Residues involved in B-site pocket are better conserved than those involved in the other interfacial pockets of BFR (Figure 1), and hence may be functionally/structurally more important. This hypothesis is consistent with proposals linking these pockets to iron transport [21]. Moreover, it is well known that consensus amino acid residues exhibit a greater-than-average contribution to the stability of proteins in general compared to non-consensus residues [23]. Thus, this evolutionary conservation of these residues in BFR suggests that the redesign of the B-site pocket-forming residues may be more challenging than those involved in the pockets at the threefold and twofold interfaces [29]. The mutation selected through computational analysis, D132W, favored 24-mer formation over dimer, suggesting that we were successful in designing proteins with enhanced assembly properties by focusing on the B-site.
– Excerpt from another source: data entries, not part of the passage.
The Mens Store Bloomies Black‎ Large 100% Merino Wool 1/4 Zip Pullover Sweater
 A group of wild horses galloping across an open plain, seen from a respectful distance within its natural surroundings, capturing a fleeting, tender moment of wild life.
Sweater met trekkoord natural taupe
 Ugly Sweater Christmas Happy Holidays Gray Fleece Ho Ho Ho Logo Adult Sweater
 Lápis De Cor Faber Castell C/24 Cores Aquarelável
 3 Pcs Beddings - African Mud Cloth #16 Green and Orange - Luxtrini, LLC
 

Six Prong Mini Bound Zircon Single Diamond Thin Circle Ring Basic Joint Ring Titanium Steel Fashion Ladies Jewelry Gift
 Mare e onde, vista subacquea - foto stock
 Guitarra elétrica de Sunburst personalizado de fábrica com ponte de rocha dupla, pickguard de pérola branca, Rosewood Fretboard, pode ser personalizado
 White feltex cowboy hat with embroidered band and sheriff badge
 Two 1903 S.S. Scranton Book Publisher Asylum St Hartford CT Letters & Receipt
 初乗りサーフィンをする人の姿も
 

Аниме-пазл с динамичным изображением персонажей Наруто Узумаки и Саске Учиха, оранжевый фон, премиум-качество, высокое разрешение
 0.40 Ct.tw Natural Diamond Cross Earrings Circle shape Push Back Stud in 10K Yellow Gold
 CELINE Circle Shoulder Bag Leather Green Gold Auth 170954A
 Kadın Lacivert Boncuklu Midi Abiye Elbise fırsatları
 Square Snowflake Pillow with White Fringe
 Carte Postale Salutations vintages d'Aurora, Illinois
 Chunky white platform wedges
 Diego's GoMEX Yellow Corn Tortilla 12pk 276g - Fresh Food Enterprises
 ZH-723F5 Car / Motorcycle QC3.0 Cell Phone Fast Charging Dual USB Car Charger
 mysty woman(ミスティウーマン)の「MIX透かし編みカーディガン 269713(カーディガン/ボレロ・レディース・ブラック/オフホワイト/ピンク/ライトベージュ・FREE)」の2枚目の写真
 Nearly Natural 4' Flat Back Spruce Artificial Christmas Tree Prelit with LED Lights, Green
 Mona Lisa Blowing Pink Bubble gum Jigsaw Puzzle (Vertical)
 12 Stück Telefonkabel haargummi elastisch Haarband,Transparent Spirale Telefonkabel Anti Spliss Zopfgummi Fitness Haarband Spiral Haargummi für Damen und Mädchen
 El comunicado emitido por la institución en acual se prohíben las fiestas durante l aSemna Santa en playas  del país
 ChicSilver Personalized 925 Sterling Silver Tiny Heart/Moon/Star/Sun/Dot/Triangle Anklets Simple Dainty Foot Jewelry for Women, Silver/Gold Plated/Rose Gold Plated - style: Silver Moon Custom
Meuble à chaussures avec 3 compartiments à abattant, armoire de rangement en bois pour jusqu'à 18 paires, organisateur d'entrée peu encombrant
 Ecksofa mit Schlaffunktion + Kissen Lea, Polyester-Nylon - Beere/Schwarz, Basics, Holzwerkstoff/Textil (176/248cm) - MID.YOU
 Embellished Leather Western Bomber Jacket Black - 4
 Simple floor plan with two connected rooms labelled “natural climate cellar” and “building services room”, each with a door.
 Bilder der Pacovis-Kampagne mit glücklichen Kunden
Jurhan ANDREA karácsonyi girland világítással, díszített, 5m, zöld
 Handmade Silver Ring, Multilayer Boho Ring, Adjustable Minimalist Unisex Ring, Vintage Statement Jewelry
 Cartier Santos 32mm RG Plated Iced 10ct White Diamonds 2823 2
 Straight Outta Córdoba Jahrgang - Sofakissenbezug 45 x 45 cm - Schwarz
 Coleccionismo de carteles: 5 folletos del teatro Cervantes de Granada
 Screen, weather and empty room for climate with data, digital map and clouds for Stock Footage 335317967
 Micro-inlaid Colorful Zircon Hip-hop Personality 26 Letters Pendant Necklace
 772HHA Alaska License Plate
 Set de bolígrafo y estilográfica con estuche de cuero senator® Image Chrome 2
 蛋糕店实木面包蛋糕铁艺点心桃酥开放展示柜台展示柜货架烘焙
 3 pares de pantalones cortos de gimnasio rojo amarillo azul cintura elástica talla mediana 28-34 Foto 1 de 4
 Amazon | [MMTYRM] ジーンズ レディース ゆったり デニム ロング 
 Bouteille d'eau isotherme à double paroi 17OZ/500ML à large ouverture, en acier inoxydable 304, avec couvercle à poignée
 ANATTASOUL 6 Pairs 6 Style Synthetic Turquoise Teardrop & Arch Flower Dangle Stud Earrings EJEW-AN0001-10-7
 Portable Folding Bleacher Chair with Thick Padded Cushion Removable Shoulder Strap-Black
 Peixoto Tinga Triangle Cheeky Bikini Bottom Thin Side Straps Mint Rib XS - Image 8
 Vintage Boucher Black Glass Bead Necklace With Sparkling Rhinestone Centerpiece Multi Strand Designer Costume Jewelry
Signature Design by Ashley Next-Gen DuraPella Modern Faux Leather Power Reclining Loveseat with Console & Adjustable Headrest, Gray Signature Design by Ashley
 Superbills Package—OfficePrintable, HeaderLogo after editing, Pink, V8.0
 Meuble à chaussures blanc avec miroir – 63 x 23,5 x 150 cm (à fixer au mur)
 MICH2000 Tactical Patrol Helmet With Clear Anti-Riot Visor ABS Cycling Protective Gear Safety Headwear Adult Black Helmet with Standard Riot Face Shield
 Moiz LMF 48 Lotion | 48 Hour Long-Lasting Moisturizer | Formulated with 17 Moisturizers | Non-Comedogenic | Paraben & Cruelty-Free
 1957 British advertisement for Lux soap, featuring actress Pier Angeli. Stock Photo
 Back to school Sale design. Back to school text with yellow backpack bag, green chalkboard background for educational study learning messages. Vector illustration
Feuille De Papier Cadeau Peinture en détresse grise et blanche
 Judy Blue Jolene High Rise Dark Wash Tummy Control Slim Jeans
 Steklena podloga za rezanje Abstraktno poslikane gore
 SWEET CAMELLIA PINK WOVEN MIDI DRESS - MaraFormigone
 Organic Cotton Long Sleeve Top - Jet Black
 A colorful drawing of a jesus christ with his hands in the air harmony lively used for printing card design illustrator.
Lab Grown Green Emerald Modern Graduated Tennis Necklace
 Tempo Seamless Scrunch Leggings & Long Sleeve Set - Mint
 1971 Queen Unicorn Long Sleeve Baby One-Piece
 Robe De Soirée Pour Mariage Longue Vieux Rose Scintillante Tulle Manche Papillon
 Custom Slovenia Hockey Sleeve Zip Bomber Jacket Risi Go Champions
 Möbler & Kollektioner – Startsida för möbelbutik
The functional implications of the results presented here could be twofold. The pore-blocking mutations can stabilize the functionally essential cage form, and at the same time block the passage of ions through B-site channel, which is also necessary for iron mineralization and release. For example, D132W mutation may increase the observed kinetic preference for the cage state, and could therefore potentially increase the ability of the protein to retain the mineralized core due to its more stable cage. However, the mutation could also partially occlude the B-site pores, and hence decrease the mobility of ions through these pores. Further experimental investigation is necessary to unravel the effect of the mutations on the function of E. coli bacterioferritin. This investigation into the structure of this important class of proteins can help to understand the self-assembly of proteins in general.